Ahlak din ilişkisine girip de neoliberalizmi atlamak olmaz: Bilindiği gibi neo-liberalizmin kutsalı bireydir. Tek başına yaşayan canlıların davranışını kimse yargılayamaz; dolayısıyla toplumla bağını koparmış, toplumsal amaçları olmayan birey için ahlaki kurallar geçersiz, hatta ayak bağıdır. Yani bireye odaklanan neoliberalizm insani ilkeler ve ahlaki kurallara karşıdır.

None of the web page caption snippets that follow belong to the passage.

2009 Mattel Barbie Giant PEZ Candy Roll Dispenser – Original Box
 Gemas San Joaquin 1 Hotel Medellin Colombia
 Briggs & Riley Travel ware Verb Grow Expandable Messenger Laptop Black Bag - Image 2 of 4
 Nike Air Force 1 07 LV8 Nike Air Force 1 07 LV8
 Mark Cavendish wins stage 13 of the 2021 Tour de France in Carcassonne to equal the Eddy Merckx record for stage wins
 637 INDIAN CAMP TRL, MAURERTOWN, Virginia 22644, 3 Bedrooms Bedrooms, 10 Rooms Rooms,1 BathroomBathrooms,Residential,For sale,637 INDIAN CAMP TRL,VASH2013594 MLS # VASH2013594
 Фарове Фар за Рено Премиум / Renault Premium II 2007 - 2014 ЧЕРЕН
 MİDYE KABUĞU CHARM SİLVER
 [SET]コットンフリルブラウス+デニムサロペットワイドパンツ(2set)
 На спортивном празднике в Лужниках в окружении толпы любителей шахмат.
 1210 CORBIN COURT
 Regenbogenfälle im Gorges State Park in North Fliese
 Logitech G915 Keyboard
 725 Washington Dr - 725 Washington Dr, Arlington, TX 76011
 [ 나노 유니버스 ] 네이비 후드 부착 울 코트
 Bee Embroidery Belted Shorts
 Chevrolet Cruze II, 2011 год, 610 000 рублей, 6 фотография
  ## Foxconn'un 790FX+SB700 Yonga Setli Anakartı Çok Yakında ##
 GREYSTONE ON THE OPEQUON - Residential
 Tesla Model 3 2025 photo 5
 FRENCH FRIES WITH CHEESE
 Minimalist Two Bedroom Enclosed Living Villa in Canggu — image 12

Neo-liberalizm arkasında ilkeler olan toplumsal ahlak yerine köksüz, bağlantısız, dayanaksız, işbirliği kültüründen uzak kolayca terk edilebilen işyeri kurallarını ahlaklaştırdı. Sonuçta bir sürü “meslek etiği” ortaya çıktı. Eğitim kurumlarında, işyerlerinde insanlık ahlakından söz edilmez ama “iş ahlakı”, işyeri kültürü”, “vizyon”, “misyon” tabelasından geçilmez.

İlke ve ahlakın Türkiye toplumunun dayanağı olmaktan çıkartılması, neoliberalizmin Müslümanların içinden çıkardığı İslamcılarla kurduğu ilişki sayesinde mümkün oldu. Pratikte gördük ki İslamcılar, Müslümanların en fırsatçı; çıkarı uğruna kendini din dahil herhangi ahlaki kuralla sınırlamayan politikleşmiş kesimidir. Her an herkesin maddi çıkar karşılığı birbirini satabildiği bir düzen inşa eden bu iki ahlak düşkününün arasındaki ilişki ilahi nihaiye devam edemezdi. Nitekim ahlaksız düzenin ekonomisini idare edenle, onun adına toplumu siyasal organlarla kontrol eden islamcılar karşı karşıya geldi. Zaman makinesine baktığımızda kaybedeni şimdiden görebiliyoruz. Fakat bu, kazanan tarafın galibiyet sonrası ahlaki davranacağı anlamı taşımaz. Onunla hesaplaşmak da sanırım sadece bu ülkenin değil, dünyanın ahlaklı insanlarının görevi.